Baltimore School Chooses Meditation Instead Of Detention.
On average, children spend most of their time in school, making memories, socializing, and learning about the world. Often times, kids will moan and groan and complain about going to class, but as adults, we understand the power of educating our children. The only problem is, school isn’t exactly a walk in the park for many kids. There’s teasing, bullying, and a strict code of conduct that, well, doesn't really make sense sometimes. Some “unruly” kids wind up spending a great deal of time stuck in detention over the silliest of things, which can range from forgetting a book to being "involved" in a physical altercation.

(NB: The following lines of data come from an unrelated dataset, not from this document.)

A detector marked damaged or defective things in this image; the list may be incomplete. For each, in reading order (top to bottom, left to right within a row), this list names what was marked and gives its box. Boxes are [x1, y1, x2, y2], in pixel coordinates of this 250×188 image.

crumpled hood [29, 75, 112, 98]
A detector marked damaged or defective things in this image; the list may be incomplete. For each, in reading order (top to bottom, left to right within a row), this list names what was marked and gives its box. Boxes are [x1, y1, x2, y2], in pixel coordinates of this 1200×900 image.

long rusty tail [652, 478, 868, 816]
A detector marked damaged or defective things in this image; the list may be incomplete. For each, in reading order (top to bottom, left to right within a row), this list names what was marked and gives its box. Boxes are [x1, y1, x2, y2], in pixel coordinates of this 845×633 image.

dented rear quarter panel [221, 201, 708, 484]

Many folks believe this is an archaic disciplinary practice that is both unfair and illogical. Well, Robert W. Coleman Elementary School in Baltimore is setting the example with their very own holistic approach to how they discipline their kids.
The Robert W. Coleman Elementary School in Baltimore was stuck in a big conundrum.

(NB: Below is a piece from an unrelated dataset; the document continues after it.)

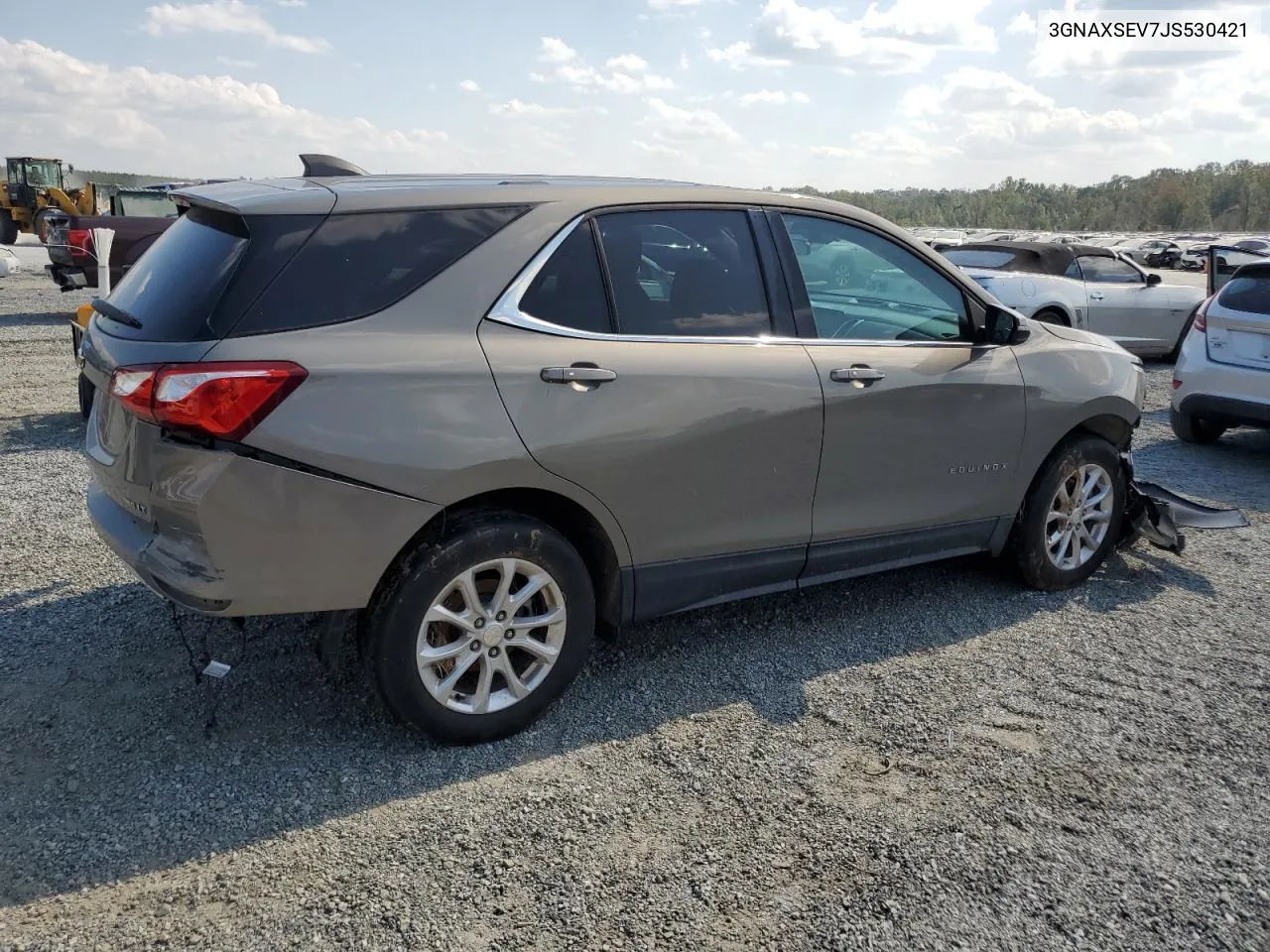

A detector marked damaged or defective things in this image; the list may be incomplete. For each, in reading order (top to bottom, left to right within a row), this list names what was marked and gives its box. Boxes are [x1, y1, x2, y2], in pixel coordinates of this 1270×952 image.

damaged chevrolet equinox [84, 157, 1175, 746] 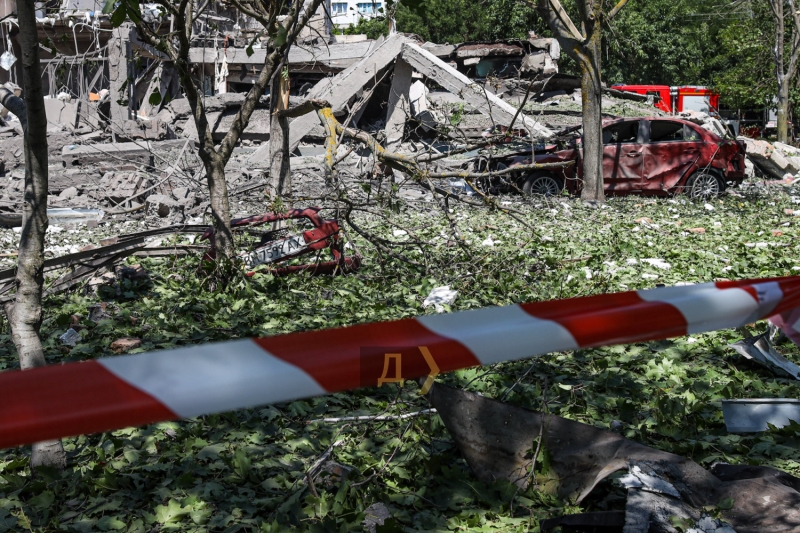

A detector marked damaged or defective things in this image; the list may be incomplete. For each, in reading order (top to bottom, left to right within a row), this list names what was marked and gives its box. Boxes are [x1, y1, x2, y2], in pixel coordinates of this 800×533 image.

damaged red car [482, 117, 752, 198]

Students weren’t following the rules, and sadly, physical violence was rampant among the community. The teachers were running out of ideas on how to approach the situation until two brothers came up with a genius plan.
A violent and negative environment is guaranteed to put a damper on a child’s education.
After all, how do we expect kids to focus on getting straight A’s if they’re surrounded by peer violence and a negative school environment? Ali and Atman Smith knew firsthand about the effects a dilapidating environment can have on your education. “There’s all these things just getting dumped on these kids,” Ali explained. “And they need a way to kind of deal with it,” he followed. We couldn’t agree more!
TEDx Talks / YouTube
If we want kids to be decent and functional members of society, then we need to set the example, right?
But Ali and Atman thought that schools weren’t doing a great job at disciplining their kids. The second a child made a mistake, the system would “punish them” with their one-size-fits-all type detention program. But punishing a kid over a mistake doesn’t fix the issue, it might even make it worse, according to research.
English Scholar Dr. Ruth Payne discovered that detention is actually less effective when it comes to correcting behavioral issues.
The way the detention system works is pretty ineffective as it is. It not only teaches kids that making a mistake, no matter how small it might be, is so bad it will instantly land you in detention, but it also fosters a negative relationship between the student and the teacher, as they will no longer see an authority figure as someone they could trust.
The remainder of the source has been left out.